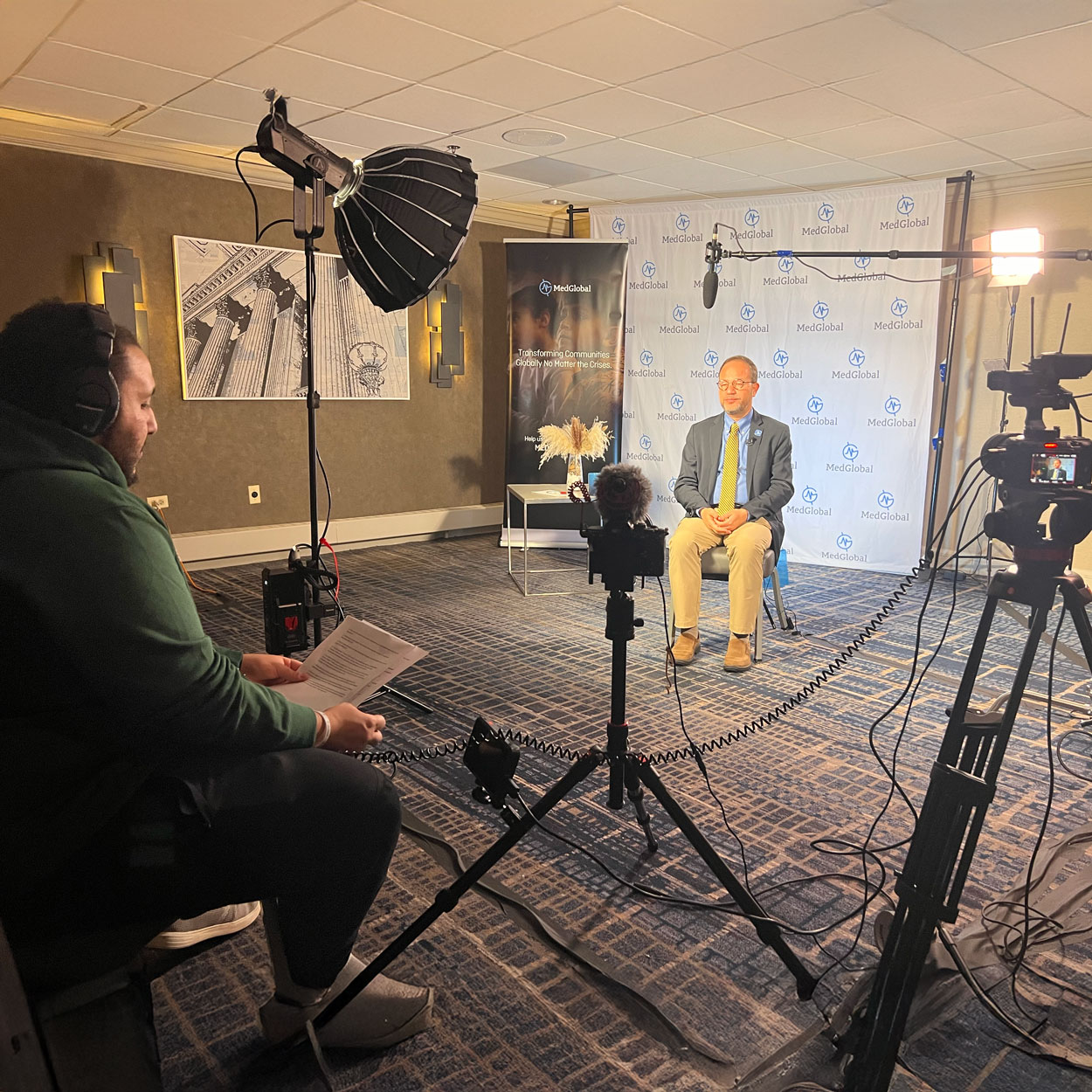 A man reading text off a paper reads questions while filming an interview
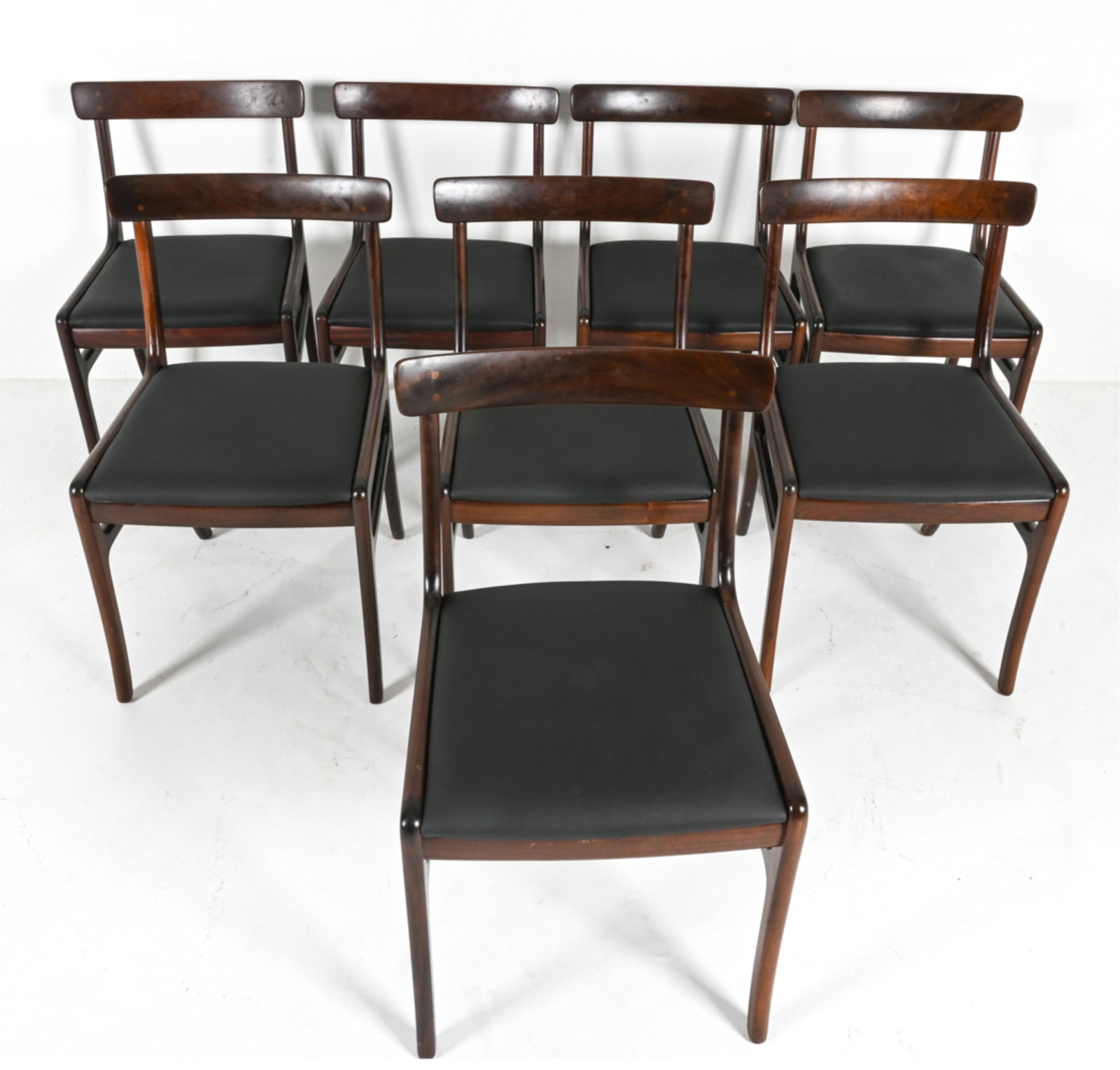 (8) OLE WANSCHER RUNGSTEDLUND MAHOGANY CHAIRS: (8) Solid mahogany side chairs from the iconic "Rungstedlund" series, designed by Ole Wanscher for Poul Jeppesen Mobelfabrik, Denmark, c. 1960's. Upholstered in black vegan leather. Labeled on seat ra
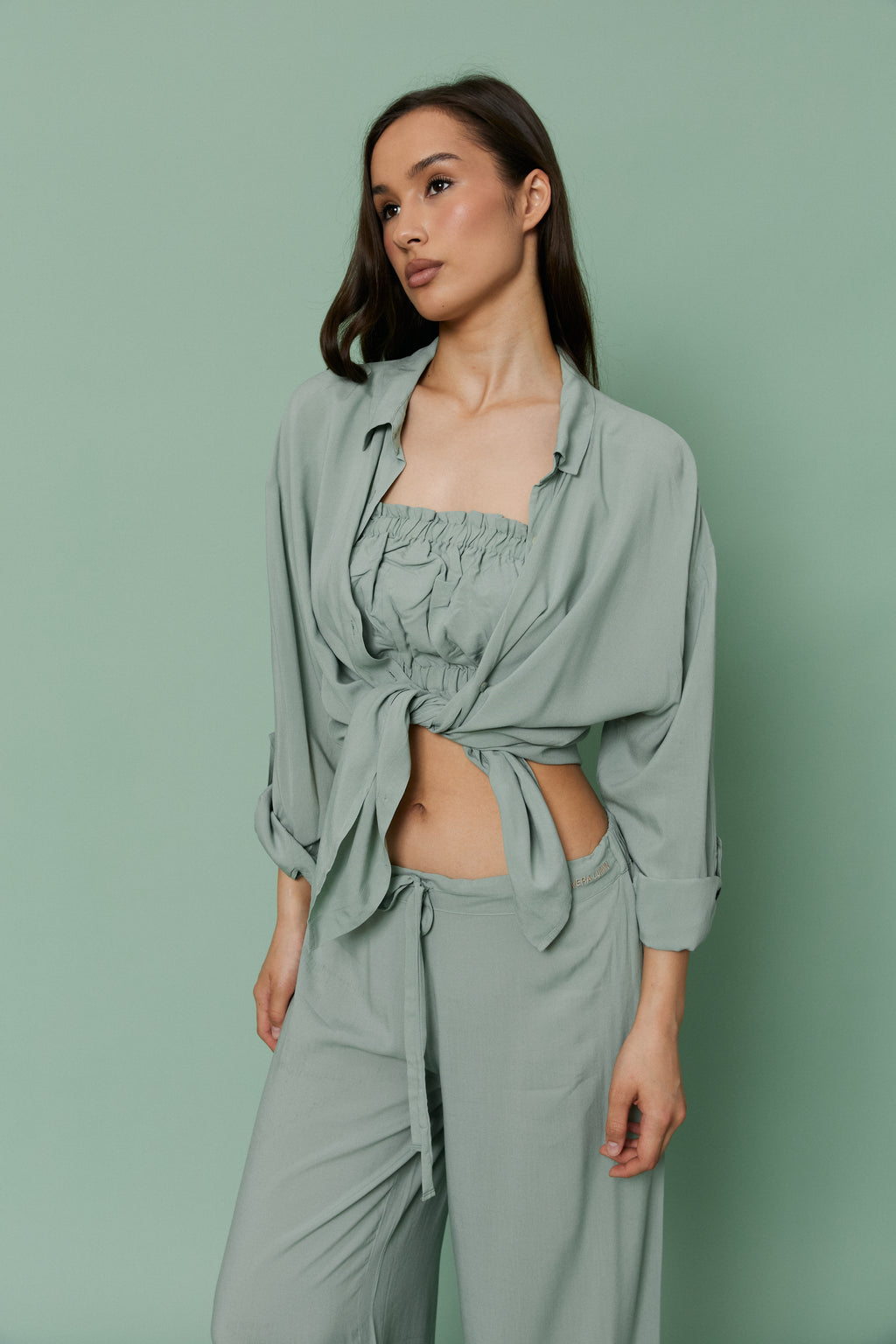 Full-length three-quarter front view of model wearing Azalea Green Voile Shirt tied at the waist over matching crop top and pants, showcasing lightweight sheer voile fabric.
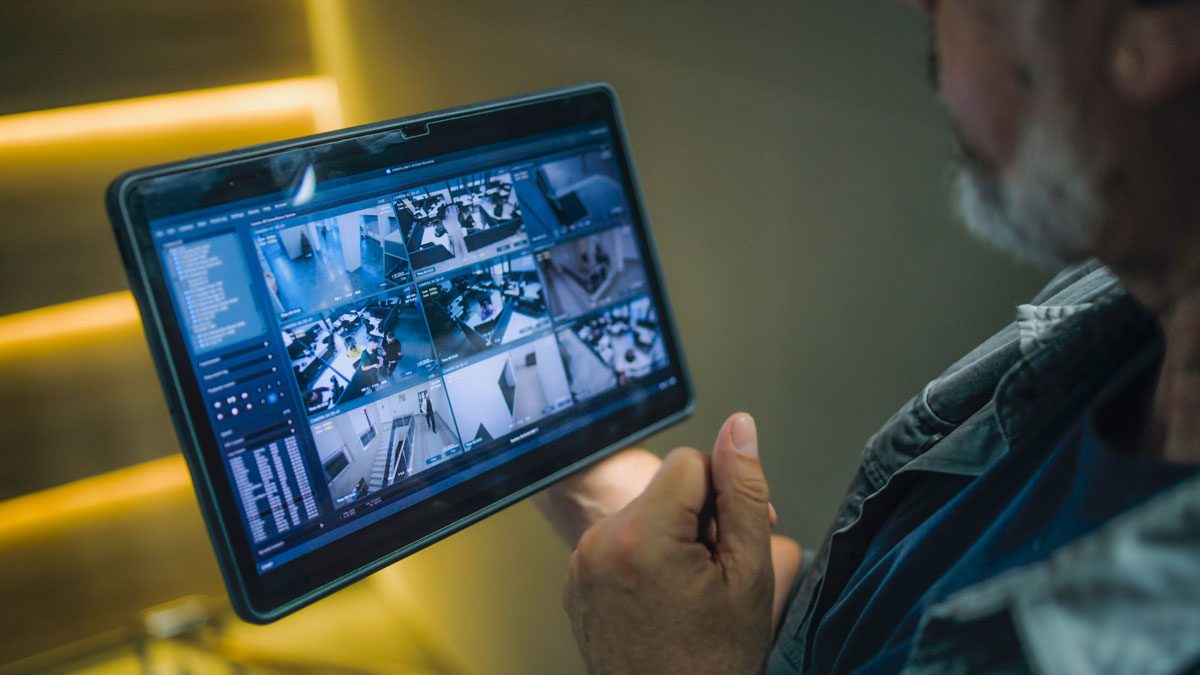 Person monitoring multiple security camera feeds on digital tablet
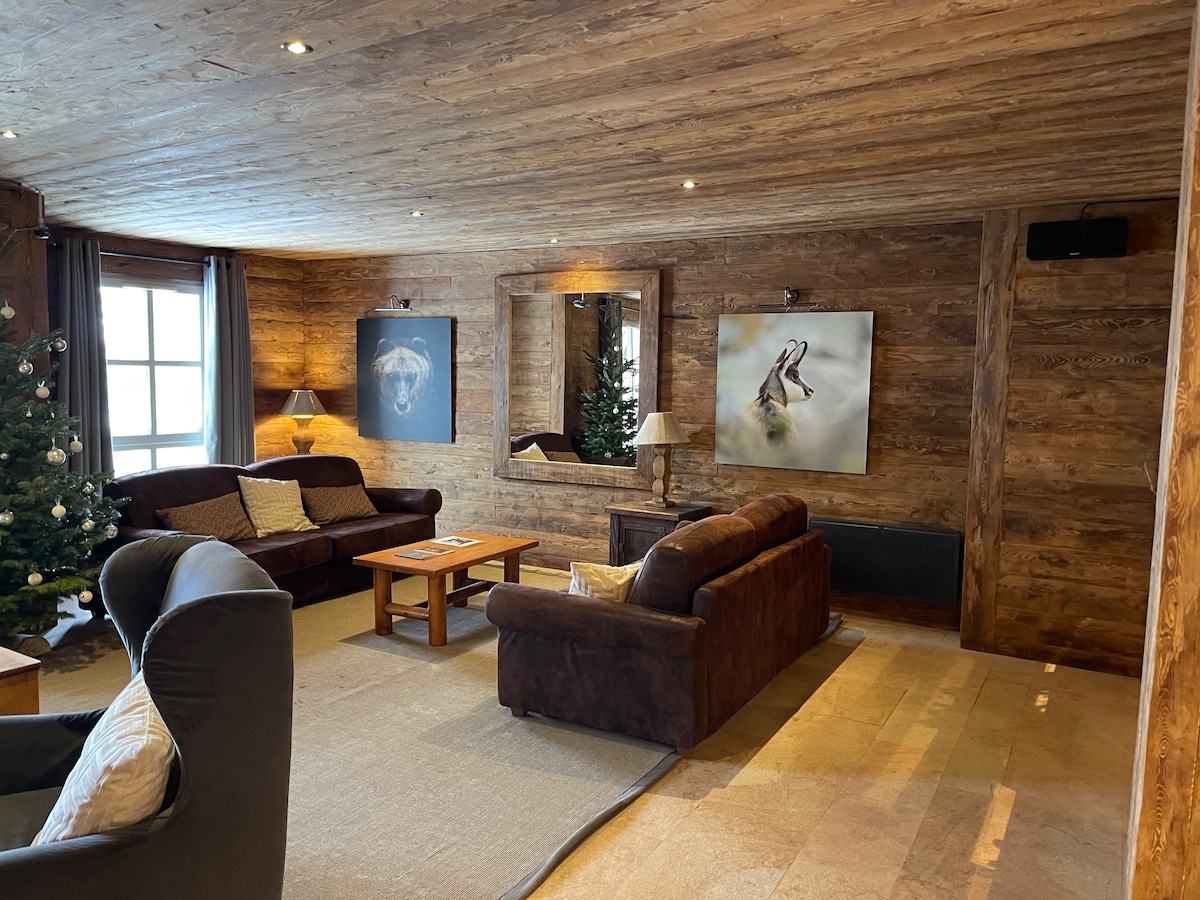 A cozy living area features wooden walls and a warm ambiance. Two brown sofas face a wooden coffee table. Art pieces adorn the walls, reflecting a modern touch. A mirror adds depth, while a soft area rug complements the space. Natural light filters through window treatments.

PROMPT :: Leave the pictures out and reproduce exactly the lines from the line with "Person monitoring multiple" to the end of the material above.

TASK OUTPUT ::
 Person monitoring multiple security camera feeds on digital tablet
 A cozy living area features wooden walls and a warm ambiance. Two brown sofas face a wooden coffee table. Art pieces adorn the walls, reflecting a modern touch. A mirror adds depth, while a soft area rug complements the space. Natural light filters through window treatments.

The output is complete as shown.